- Task requirements
Take the line that contains "Модные женские босоножки" and every line below it to the end of the entries, and give them again exactly, leaving out any pictures.

*** Raw data

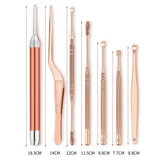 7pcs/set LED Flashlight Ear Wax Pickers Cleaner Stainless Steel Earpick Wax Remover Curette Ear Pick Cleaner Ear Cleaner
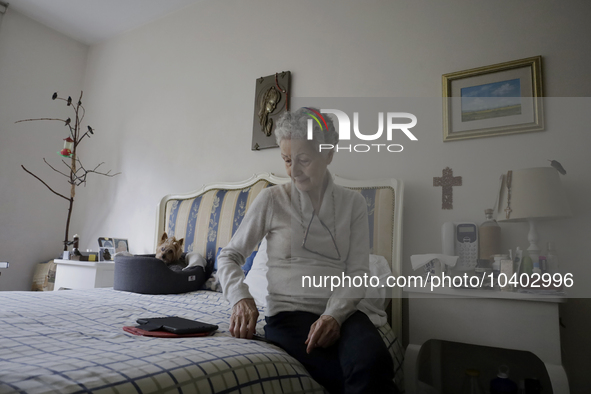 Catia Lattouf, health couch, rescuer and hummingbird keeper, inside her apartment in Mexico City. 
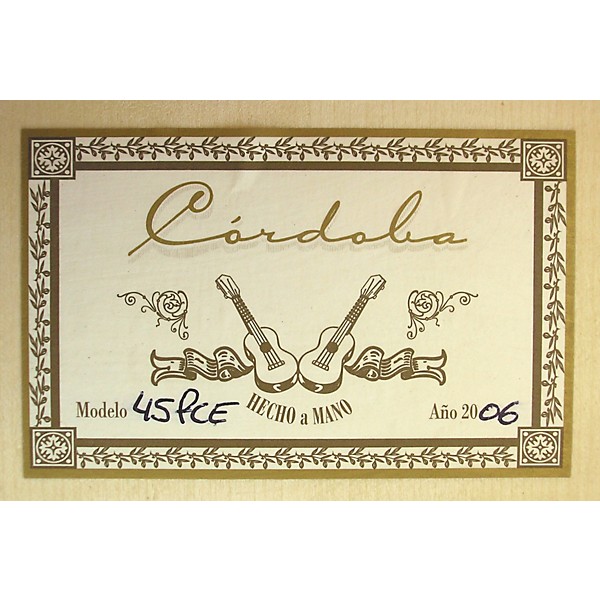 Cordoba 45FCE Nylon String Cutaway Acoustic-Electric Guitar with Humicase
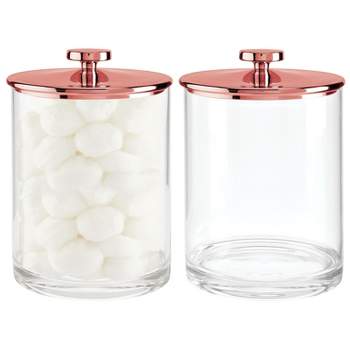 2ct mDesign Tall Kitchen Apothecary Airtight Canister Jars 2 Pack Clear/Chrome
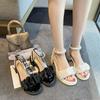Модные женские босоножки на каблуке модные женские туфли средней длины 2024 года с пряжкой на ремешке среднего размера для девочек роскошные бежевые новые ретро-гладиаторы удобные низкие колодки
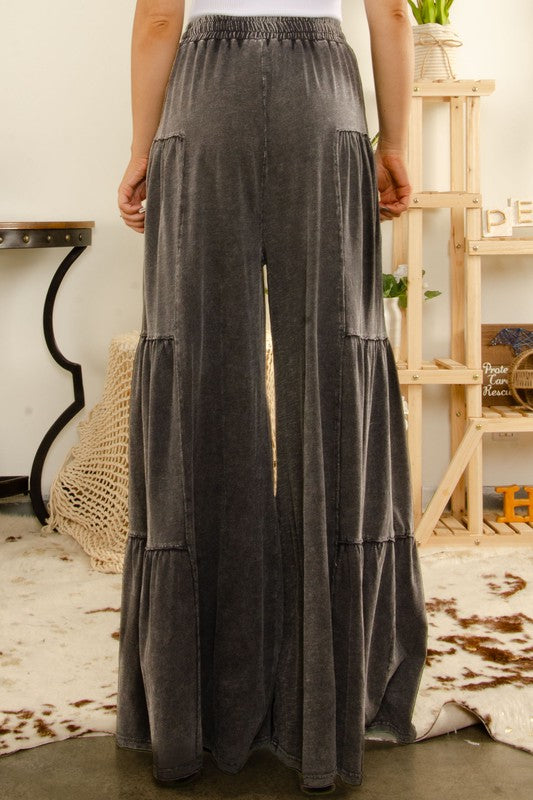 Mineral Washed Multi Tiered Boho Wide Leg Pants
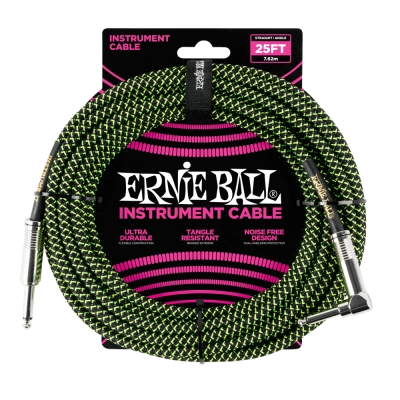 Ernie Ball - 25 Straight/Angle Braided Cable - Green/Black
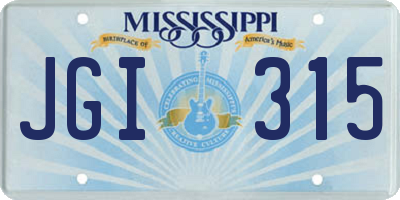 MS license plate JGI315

******

- Task response
Модные женские босоножки на каблуке модные женские туфли средней длины 2024 года с пряжкой на ремешке среднего размера для девочек роскошные бежевые новые ретро-гладиаторы удобные низкие колодки
 Mineral Washed Multi Tiered Boho Wide Leg Pants
 Ernie Ball - 25 Straight/Angle Braided Cable - Green/Black
 MS license plate JGI315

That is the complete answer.